Le sol sur lequel on est assis, de mousses et de feuilles, ressemblerait presque à un tapis, ne serait-ce les bruissements, crissements, craquements qui le traverse sans répit, comme s’il était vivant et prêt à jaillir, s’écrier : « Me voici ! Surpris ? » S’imaginer ainsi entouré, bercé, et dorloté donne à cette nuit solitaire l’image d’un banquet où l’on serait le principal invité, sans l’avoir anticipé.
À ce moment, il n’est pas encore l’heure de penser à la journée qui nous attend, mélange de rêves et de projets qui ne sont que dans les brumes de possibilités, autorisant tout et n’importe quoi à se concrétiser. Si le but de ce voyage n’a pas été réfléchi, il commence pourtant à dessiner la forme d’un trajet que l’on aurait choisi, ambitieux, valeureux, bien au-delà de ce que l’on aurait cru, si on nous l’avait dit.
À ce stade, il n’est que le présent, fait de ce souffle qui nous a portés si longtemps, de ces idées glanées dans le vent, de ces rencontres d’une vie ou d’un instant. Il demeure cependant délicat de ne pas se projeter vers ce que l’on espère ou que l’on croit, au lieu de savourer ce que l’on a, et l’on doit combattre ces vieux réflexes ancrés bien plus profonds que ce que l’on voit.
Confronté à notre propre existence, sans plus tricher, sans craindre une méprise ou une ressemblance, il n’est pas facile de maintenir une confiance en nos possibilités, tant la dureté avec laquelle nous jugeons nos capacités fait de nous le pire des bourreaux et des boulets, limitant, contrariant nos élans pour les maintenir tapis sous un monceau d’excuses et d’alibis répétés jusqu’à se persuader de leur réalité.

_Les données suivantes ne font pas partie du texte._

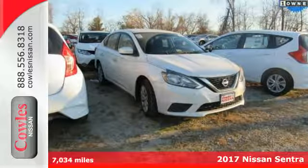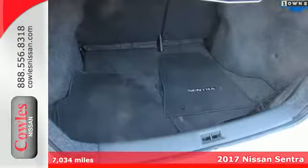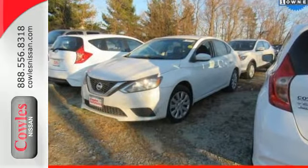It's a 2017 Nissan Sentra. Allow yourself an upgraded driving experience with more than just essentials — a comfortable cruiser that's a pleasure to drive. Offering keyless entry, smart auto headlights, cruise control, and tire pressure monitoring system.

Si le réveil qui nous attend sera tout autant constitué de doutes et de lassitude de devoir encore et toujours continuer de l’avant, en dépit de ce voyage des plus rudes, de la langueur de cette solitude, la magie de cette soirée aide à oblitérer ce qui ne manquera pas de se renouveler, la fatigue, l’errance, notre perpétuelle fragilité face à ce que l’on se propose de rencontrer.
Un frisson nous saisit, symptôme passager d’une frayeur qui n’est pas encore digérée, de notre incapacité à entendre tout ce que l’on pourrait oser, si l’on s’écoutait, si l’on s’octroyait la confiance qui nous révèlerait. D’un geste des bras, on s’étreint, manière de se rasséréner, et de s’autoriser le droit d’une faiblesse qui ne va pas durer, simple hiatus sur la route vers la puissance que l’on est en train de retrouver.
Le hululement d’une chouette vient nous rappeler que la veillée est bien avancée et qu’il est l’heure de se coucher, sans qu’il s’agisse d’une renonciation à nos ambitions avérées ; mais il ne se créera rien de bon si le corps n’est pas respecté. L’attente des braises, la couverture dépliée, le sac en guise d’oreiller : rien de plus, rien de moins pour se lover dans ce cocon étoilé qui nous emmènera bien plus loin que ce que l’on imaginait.
Sous ce ciel, sous cette Voie Lactée, l’on s’abandonne aux songes qui viennent de s’inviter, clé et indice vers tous ces mondes qui nous répondent sans arrêt. Ce voyage immobile est pourtant celui nous fait le plus avancer, dans le labyrinthe de l’Univers entier, pour nous instruire et nous guider, nous remercier d’avoir fait ce si grand saut et de continuer à l’expérimenter : celui d’exister sur cette Terre qui nous ouvre à notre identité.